Troppe buche nelle strade, i Giovani Padani le riempiono con terra e fiorellini

Per segnalare le buche nelle vie monzesi i Giovani Padani hanno ideato un'insolita quanto efficace forma di protesta nei confronti dell'Amministrazione targata PD: riempire le voragini stradali con terra e fiorellini colorati. Da questi minuscoli e graziosi giardini spunta un cartello: ATTENTO MONZESE! Scanagatti alla sicurezza stradale non ci pensa!”. 


Il nostro scopo - afferma Alberto Citossi, coordinatore dei Giovani Padani di Monza - è quello di sensibilizzare l’amministrazione comunale sul problema del deterioramento del fondo stradale. Bastano due gocce di pioggia, l’asfalto si riempie di crateri e passano mesi prima che venga rimesso in sicurezza. Le buche, oltre a rendere orribili le strade, sono un vero pericolo per automobilisti e ciclisti. Per non parlare dei marciapiedi, anch’essi in condizioni pessime, possibile causa di disagio per disabili e anziani. Domenica abbiamo deciso di protestare in maniera diversa, con la speranza di strappare anche un sorriso ai tantissimi monzesi stanchi di questa situazione. Se questo Sindaco e questa amministrazione facessero gli interessi dei cittadini monzesi e non quelli del loro partito, cui sono totalmente sottomessi e asserviti, chiederebbero al governo di restituire a Monza i soldi che le spettano e che ogni anno le vengono rapinati!

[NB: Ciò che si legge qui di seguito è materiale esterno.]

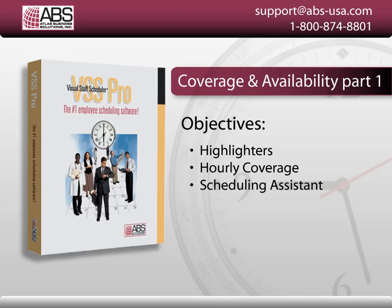Hi, I'm Charles with Atlas Business Solutions, and in this video I'm going to show you how to pinpoint coverage and availability in Visual Staff Scheduler Pro and Premiere.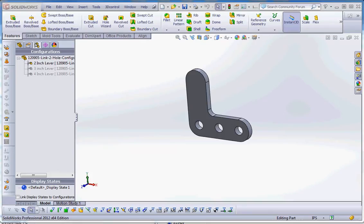Hello, thank you for joining me. In this video I'd like to show you more on using configurations, design tables, and equations.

Il residuo fiscale della sola città di Monza è di quasi un miliardo e mezzo di euro ogni anno. Potessimo tenere per noi anche la metà di quei soldi, soldi dei monzesi e delle loro tasse, altro che buche nelle strade! Potremmo coprire d'oro l'intero manto stradale monzese”.

martedì 10 maggio 2016

Monzesi uccisi nei moti del 1898, giovani padani depongono fiori

Correva il 7 maggio 1898 quando a Monza le truppe dell’esercito italiano spararono sulla folla colpevole solo di chiedere migliori condizioni di vita. Il popolo affamato chiedeva pane ma ricevette piombo dai militari al soldo dell’Italia unita e dei Savoia. A Monza, in piazza San Paolo, i carabinieri fecero fuoco sui cittadini, uccidendo sette manifestanti e ferendo decine di persone.  Questi i nomi delle vittime: Giacomo Castoldi, 44 anni, fornaio, Teresa Meroni, 42 anni, casalinga; Carlo Piatti, 20 anni, fonditore; Pasquale Vergani, 29 anni, cappellaio; Carlo Villa, 18 anni, cappellaio; Antonio Sala, 14 anni, commesso; Gerardo Assi, 27 anni, imbianchino. Sabato scorso, a 118 anni dagli avvenimenti, i Giovani Padani di Monza e Brianza hanno deposto fiori alla memoria, chiedendo alle istituzioni di porre una targa a imperituro ricordo della tragedia. 


“In questa data, come Giovani Padani di Monza e della Brianza, ma ancor prima come cittadini monzesi, abbiamo voluto commemorare le sette vittime della ferocia sabauda che, alla richiesta di pane del popolo, rispose a colpi di fucili. Erano nostri concittadini e sono stati completamente cancellati dalla Storia, di queste sette vittime innocenti nessuno ha memoria.  Chiederemo perciò al Sindaco di apporre una targa qui, presso Piazza San Paolo, dove avvennero i fatti, che renda loro memoria. Questa tragedia, ancor più grave se pensiamo che ebbe l'avvallo del Re, deve essere ricordata!” - dichiara Alberto Citossi, coordinatore dei Giovani Padani di Monza. 
“È incredibile – prosegue Alessandro Corbetta, Coordinatore dei Giovani Padani della Brianza -  che Monza non ricordi sette cittadini uccisi dai cannoni dell'esercito sabaudo e invece celebri ogni anno Umberto I, il re che ha dato l'ordine di sparare sulla folla a Monza e Milano causando centinaia di morti civili. Riteniamo che le nostre istituzioni locali debbano schierarsi dalla parte degli oppressi e non di chi ha permesso una strage simile.”